JR北海道はこのほど、利用の少ない列車見直しの説明状況を公表した。気動車で運転される列車を対象に、2016年3月ダイヤ改正で計79本の普通列車の減便を検討しており、「見直しのお願いをしている列車一覧」も公開している。
同社は今年9月、車両・施設の老朽・劣化が進行し、これらの更新・修繕に必要な資金が不足していることなどを理由に、安全を確保しつつ事業を継続するため、利用の少ない列車・駅の見直しを実施すると発表した。
主力一般気動車キハ40系も老朽・劣化が著しく、車両の故障・使用不能などが頻発しており、これ以上の使用に耐えない車両は廃車せざるをえない状況に。
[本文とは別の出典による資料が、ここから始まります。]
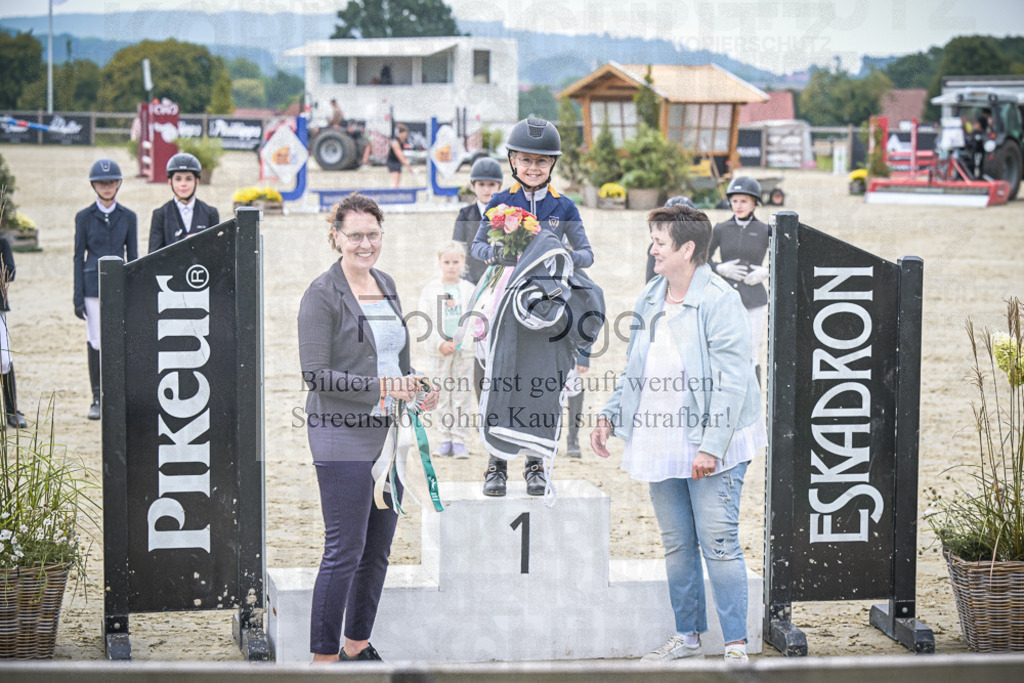 DOS_0045 | Entdecke hochwertige Reitturnierfotos von Foto Oger. Professionell, emotional und authentisch – jetzt Lieblingsmomente im Shop bestellen.Deutschlandweite Turnierfotografie. - Realisiert mit Pictrs.com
気動車の普通列車は利用者の長期減少傾向が続く中、JR発足以来ほとんど運転本数を見直しておらず、1列車あたりの利用者数も非常に少ないことから、「やむをえず、運転本数の見直しについて、関係する自治体などにお願いをしているところ」(JR北海道)だという。
「見直しのお願いをしている列車」全79本も公開された。函館本線・室蘭本線などの特急列車が行き交う路線でも、普通列車の全区間廃止または区間短縮が目立つ状況に。室蘭本線では、長万部~東室蘭間の普通列車のうち下り2本が全区間廃止、下り1本・上り3本が長万部~豊浦間廃止に。糸井~苫小牧間の区間列車も3往復が全区間廃止とされた。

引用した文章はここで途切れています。